▶ [INFORMATION SHOWN]:
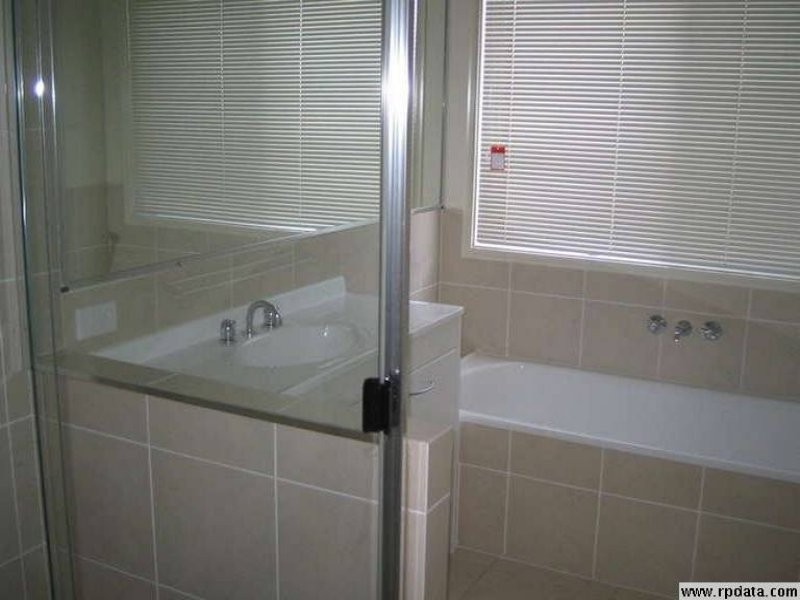 17 Kilkivan Street, Ormeau QLD 4208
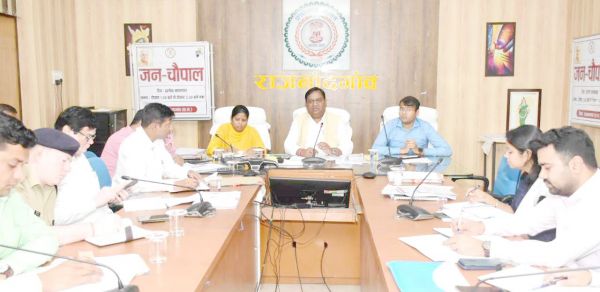 दायित्वों एवं जिम्मेदारियों का पालन सुनिश्चित करें अधिकारी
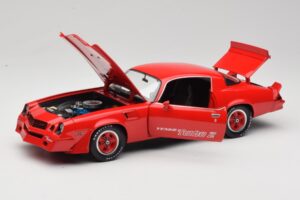 Chevrolet Camaro Z28 Yenko Turbo Z Rosso GreenLight 1:18 12999 Pressofusione — immagine 2 di 8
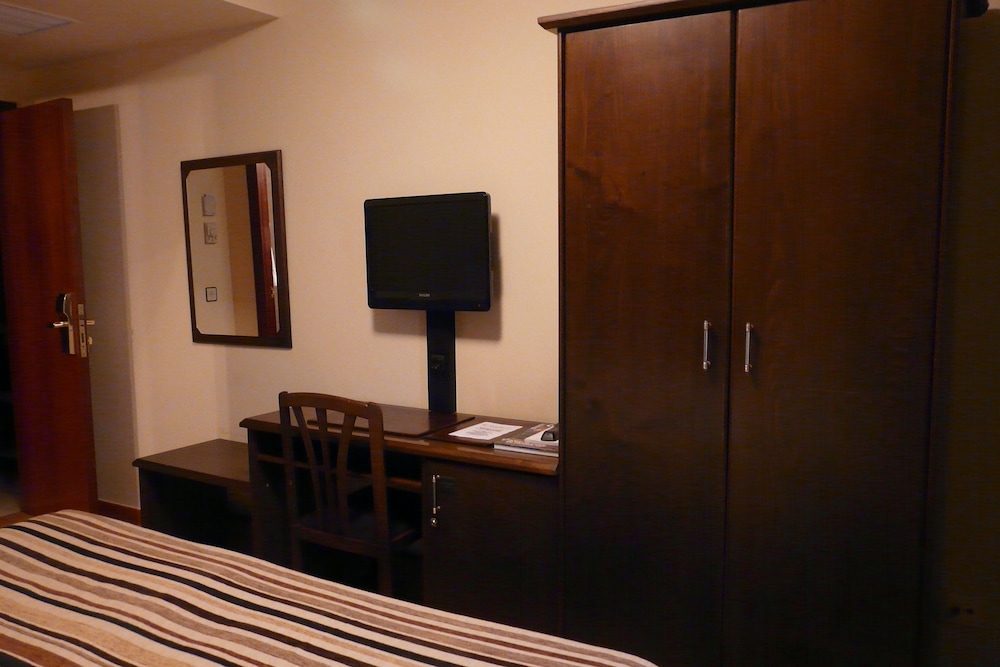 Habitación Doble del hotel Idh Angel. Foto 4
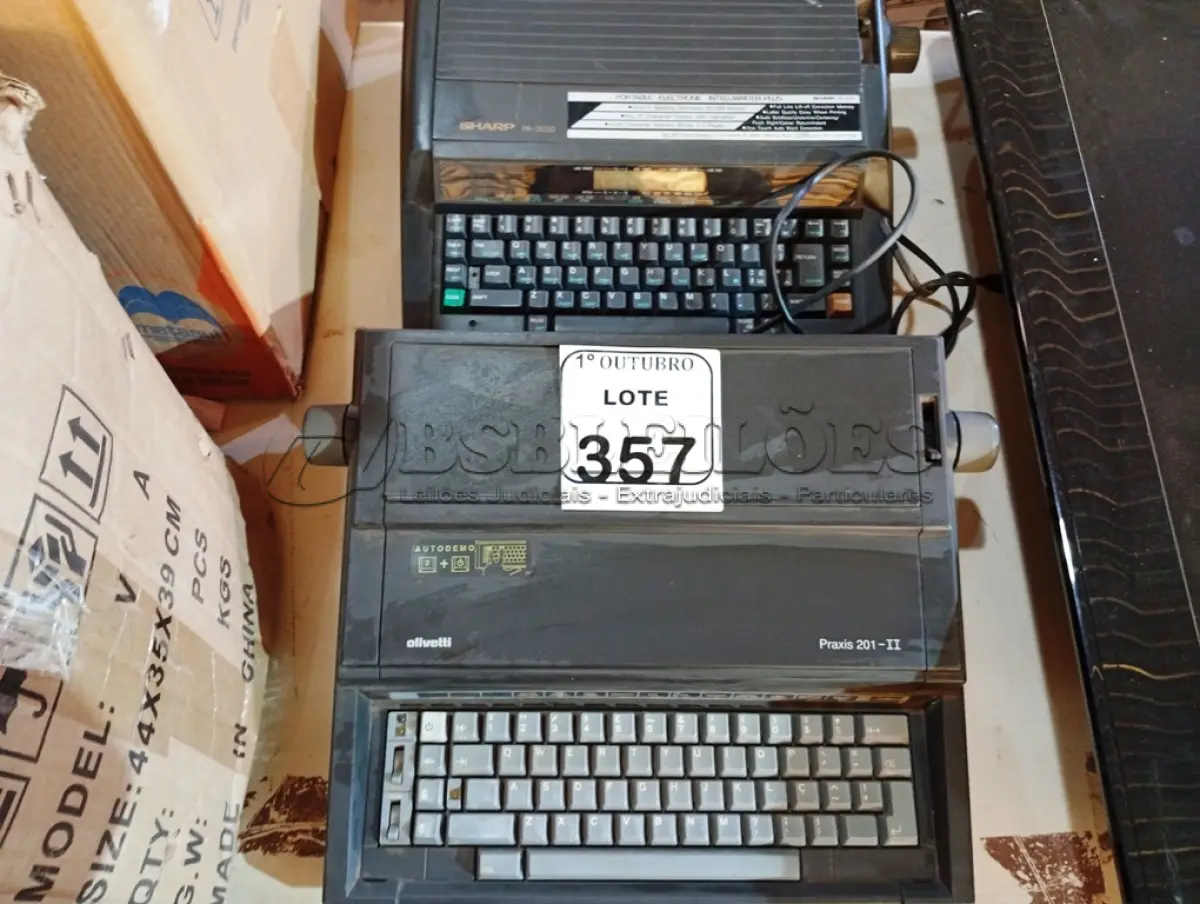 LOTE 357 - 02 MÁQUINAS DE ESCREVER ELÉTRICAS. (NO ESTADO) ATENÇÃO! FAZER A VISITAÇÃO ANTES DE ARREMATAR, NÃO SABEMOS SE FUNCIONA. LEILÃO NÃO TEM GARANTIA E NEM DEVOLUÇÃO, SUJEITO A POSSÍVEIS AVARIAS VISÍVEIS/OCULTAS E/OU AUSÊNCIA DE COMPONENTES.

▶ [PROBLEM TO SOLVE]: Write back word for word every line in the entries above from the one with "Chevrolet Camaro Z28" to the one with "Habitación Doble del hotel Idh Angel. Foto 4", ends included, and none of the pictures.

▶ [WORKED SOLUTION]:
 Chevrolet Camaro Z28 Yenko Turbo Z Rosso GreenLight 1:18 12999 Pressofusione — immagine 2 di 8
 Habitación Doble del hotel Idh Angel. Foto 4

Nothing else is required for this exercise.